* **PROBLEM TO SOLVE**: Beginning at the top of the data below, restate every line word for word until the line containing "Soft Leather Crossbody" has been included, and omit the pictures.

* **MATERIAL PROVIDED**:
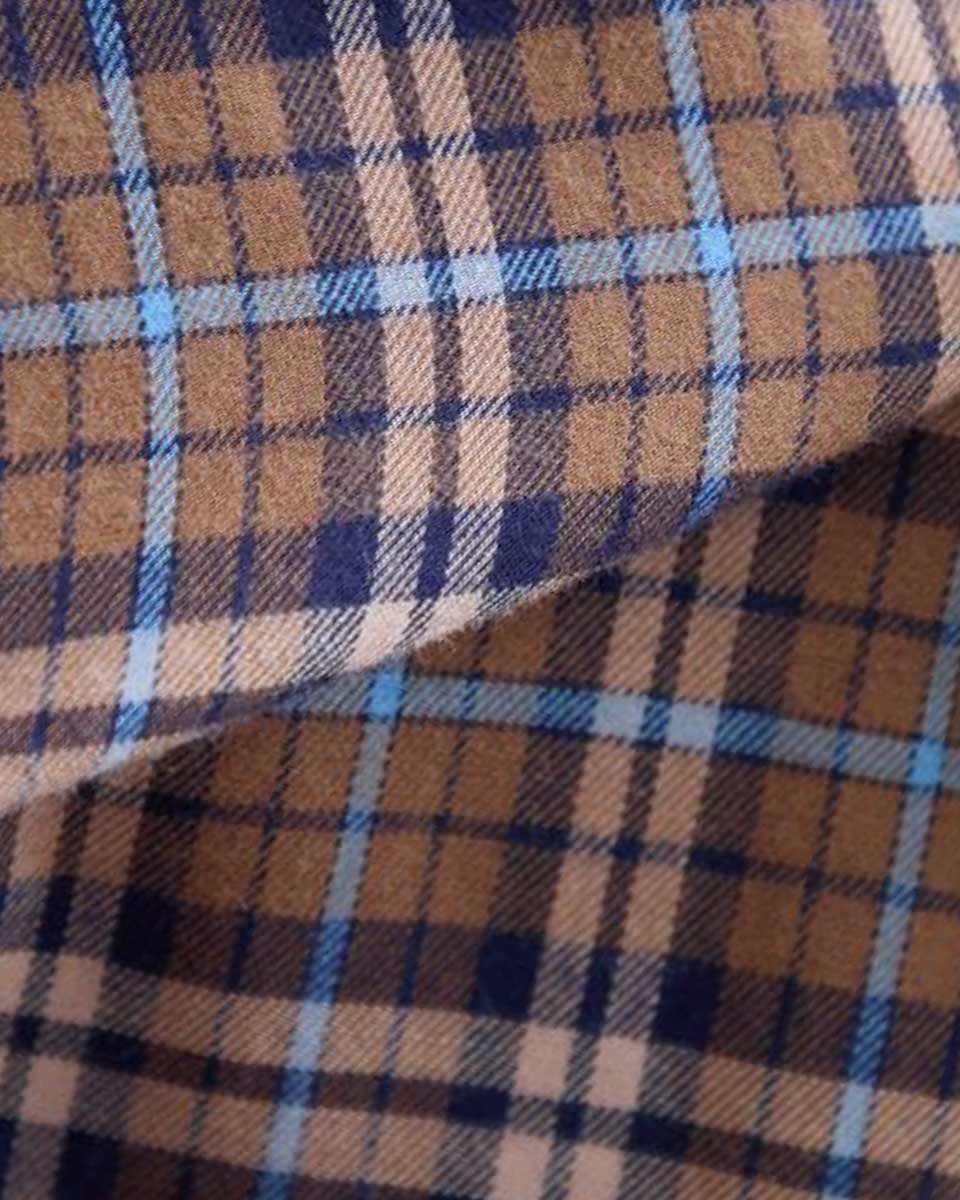 ゴールデンベア　メンズ　Golden Bear タータンチェックシャツ
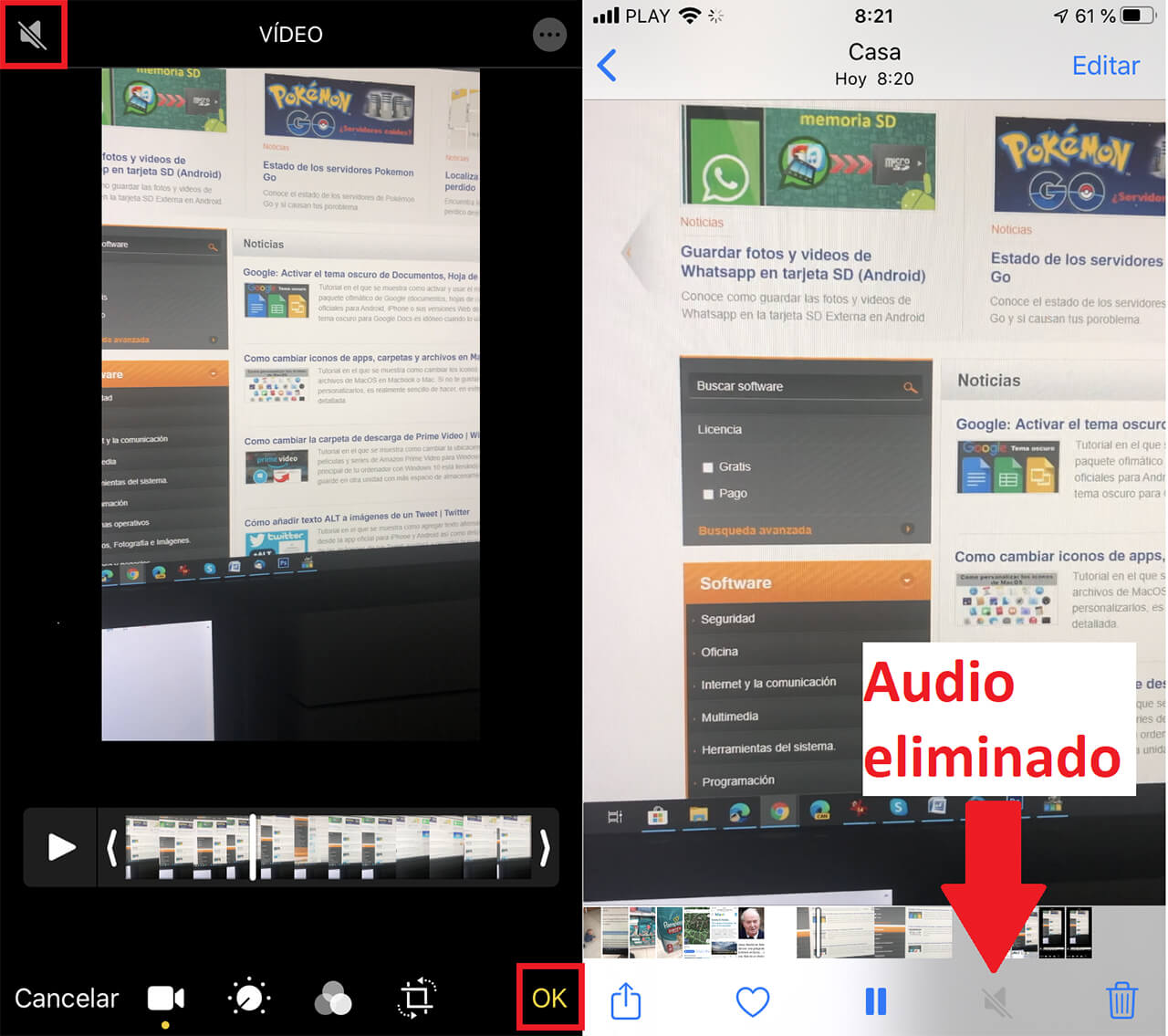 save youtube audio to iphone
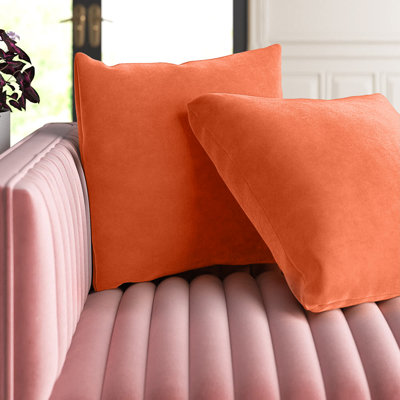  Set of 2 Throw Pillow With Inserts– 22"x22" Decorative Throw Pillow Full Set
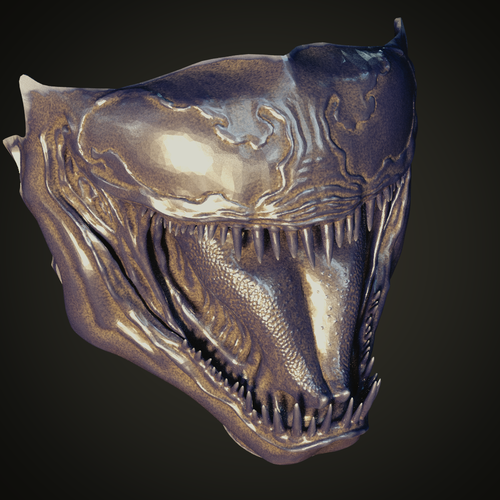  mouth cover with venom filter 3D Print 376746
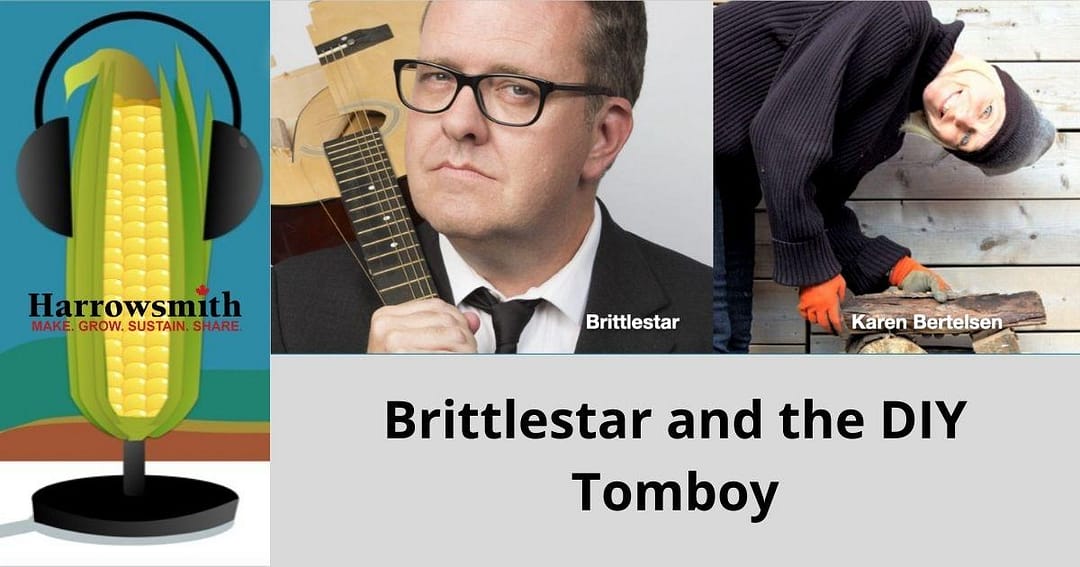 Brittlestar and the DIY Tomboy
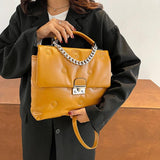 Soft Leather Crossbody Bag for Women - Travel Sac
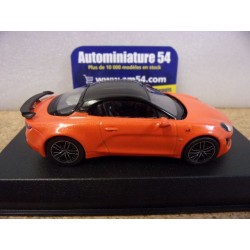 Alpine A110S Fire Orange Pack Aéro 2023 517869 Norev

* **SOLVED PROBLEM**:
 ゴールデンベア　メンズ　Golden Bear タータンチェックシャツ
 save youtube audio to iphone
  Set of 2 Throw Pillow With Inserts– 22"x22" Decorative Throw Pillow Full Set
  mouth cover with venom filter 3D Print 376746
 Brittlestar and the DIY Tomboy
 Soft Leather Crossbody Bag for Women - Travel Sac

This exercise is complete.